Despite being bought by Sun Capital as part of a pre-pack deal, the trustees still lost out on a £45m payment.
And the 40-year recovery plan, submitted by the trustee, was dependent on a substantial amount of investment outperformance – deemed to be an "excessive investment risk".
The regulator decided full funding of the scheme was unlikely and the trustee has since written to members confirming the decision to wind up the scheme.
TPR executive director of defined-benefit (DB) regulation Stephen Soper, said: "With no employer support, the funding gap between the scheme’s assets and liabilities could only be closed through taking excessive investment risk.
"This would not be in the best interests of the generality of members or PPF levy payers.
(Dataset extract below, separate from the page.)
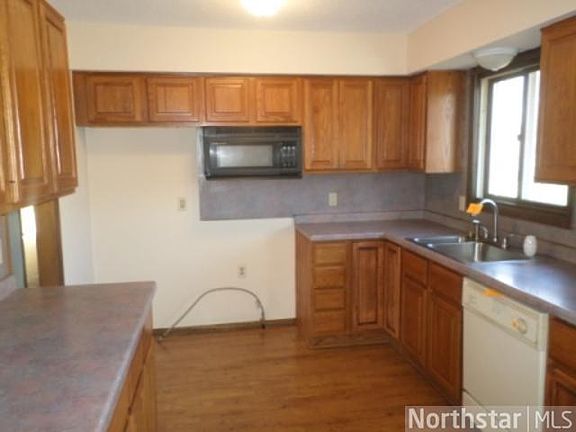3rd image of 11607 Narcissus St NW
"We therefore believe that the trustees’ decision to wind up the scheme is the right one."
The regulator estimates the scheme, which boasted 8,350 members, had a £529m deficit.
Soper added: "As part of our developing approach to regulating the different segments of the DB landscape, we will work proactively with the trustees of the small number of pension schemes where employer support is so weak that they have little or no chance of paying the benefits promised.
"In these cases, investment risk should only be taken to the extent that any downside can be underwritten by the sponsoring employer.
"We encourage trustees to approach us to discuss the issues they face in order to reach the best possible solution for members and PPF levy payers."